Fruit juices are delicious, but they are definitely not the same as actual fruit.  Replacing fruit juices with actual fruit is an easy and cost effective way for you to cut some calories from your diet.  Using orange juice as an example, you can see that a cup of orange juice has over double the amount of calories and carbs that an orange has.  Keep in mind that if you’re pouring a glass of orange juice, you’re probably having more than one serving! Orange juice also doesn’t have the same fiber content as oranges, which means it doesn’t make you feel full the same way eating an orange does and it also takes much less energy for your body to digest.  It is very easy to drink calories, which is problematic if you’re trying to lose weight. Try swapping out your orange juice (or any other fruit juice) for actual fruit!

Bagel vs. English Muffin

Bagel (1, generic) 230cal, 7p/55c/2.5f English Muffin (1, Thomas) 100cal, 3p/28c/1f

Everyone loves a good bagel.  Especially when it’s covered in butter or cream cheese… Only problem is that bagels are typically very calorie dense.  Obviously there are many different kinds of bagels and some are better than others, but in general they are all very high in calories due to a high carb and sometimes fat content.  A less calorie dense alternative to bagels is English muffins. English muffins have less than half the calories that bagels have, so if you’re looking to cut some calories consider making the switch.  

Bacon and/or Sausage vs. Canadian Bacon and/or Chicken Sausage

Bacon (2 slices, Smithfield thick cut) 120cal, 6p/0c/10f Canadian Bacon (2 slices, Hormel)70cal, 10p/1c/2.5f

Sausage (Johnsonville, 1 patty)100cal, 5p/0c/9f Chicken Sausage (Johnsonville, 1 patty) 80 cal, 7p/0c/5f

Bacon and sausage are some of my favorite foods.  It’s hard to beat the taste of a perfectly crisp strip of bacon or sausage patty.  But as tasty as these foods may be, it is important to consume them in moderation because they are high in calories and very easy to overeat.  Some less calorie dense, higher protein options to bacon and sausage are Canadian bacon and chicken sausage. Both of these foods have higher protein contents than regular bacon or sausage, which means they’re harder to over-consume and they take more energy to break down and digest.  They also have fewer calories due to the lower fat contents.

Butter vs. Avocado

Butter (2 tbsp)180cal, 0p/0c/20f Avocado (2tbsp) 60cal, 1p/3c/5f

Butter is a common thing to spread on toast, bagels, and English muffins, etc. because it is so tasty.  However, butter is very high in fat and low in nutrients. 2 tablespoons of butter has almost 200 calories by itself, and most people probably use far more than this amount.  Instead of spreading butter on your bread, try spreading avocado on it instead. Avocados are a great source of essential fatty acids as well as multiple vitamins and minerals and they’re much lower in calories than butter!

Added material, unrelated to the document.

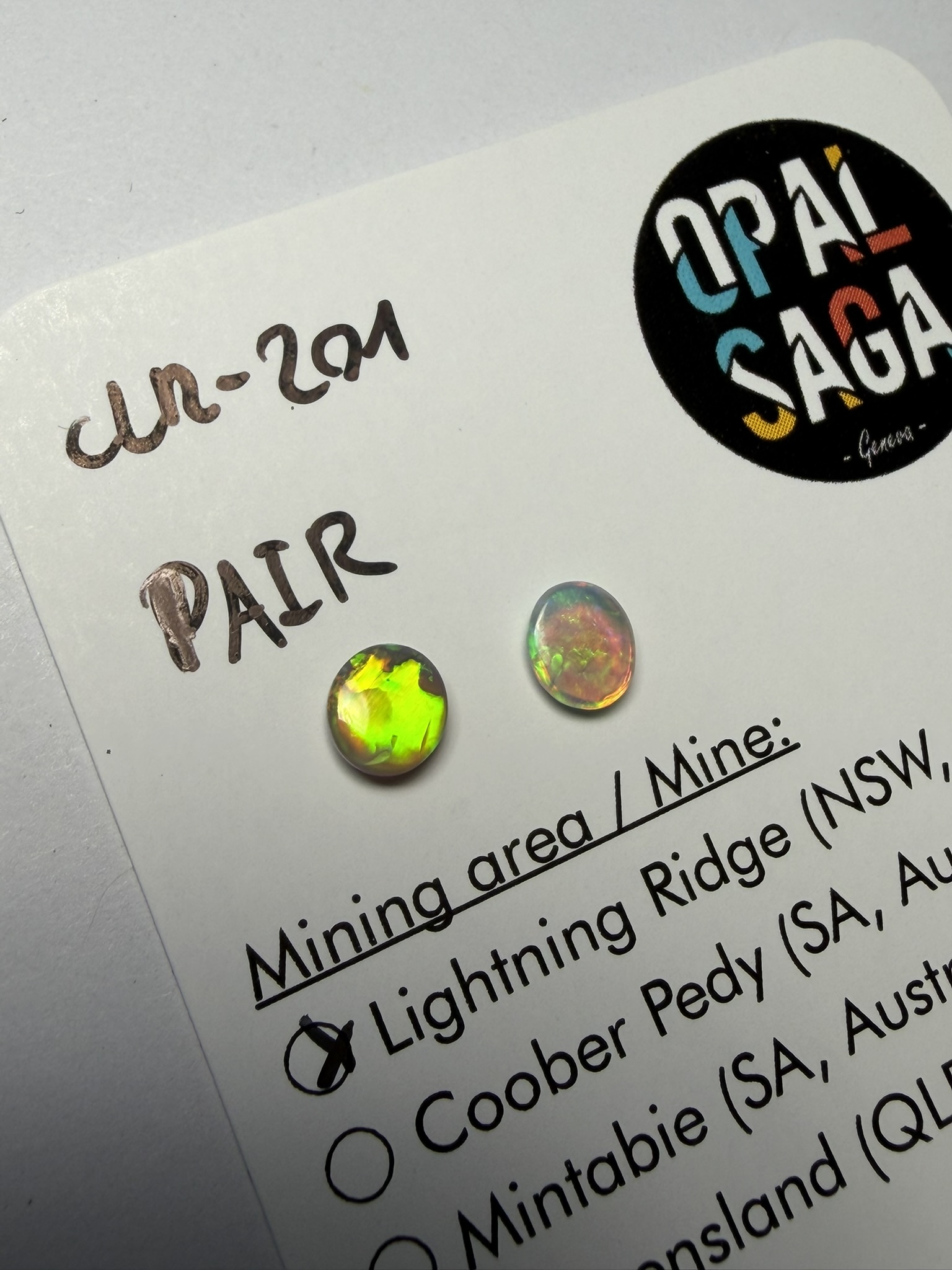 Paire d'opales cristal australiennes de Lightning Ridge de 0.74 ct au total (cLR-201) – Image 4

General Considerations for a Healthy Breakfast

Like we discussed last week, you shouldn’t demonize any certain foods.  This article was just meant to give you some ideas about how to make your breakfast a little healthier if that’s something you’re looking to do.  Limit the amount of processed foods like bacon, cereal, bagels, and orange juice, and increase your consumption of single ingredient foods such as oranges and avocados.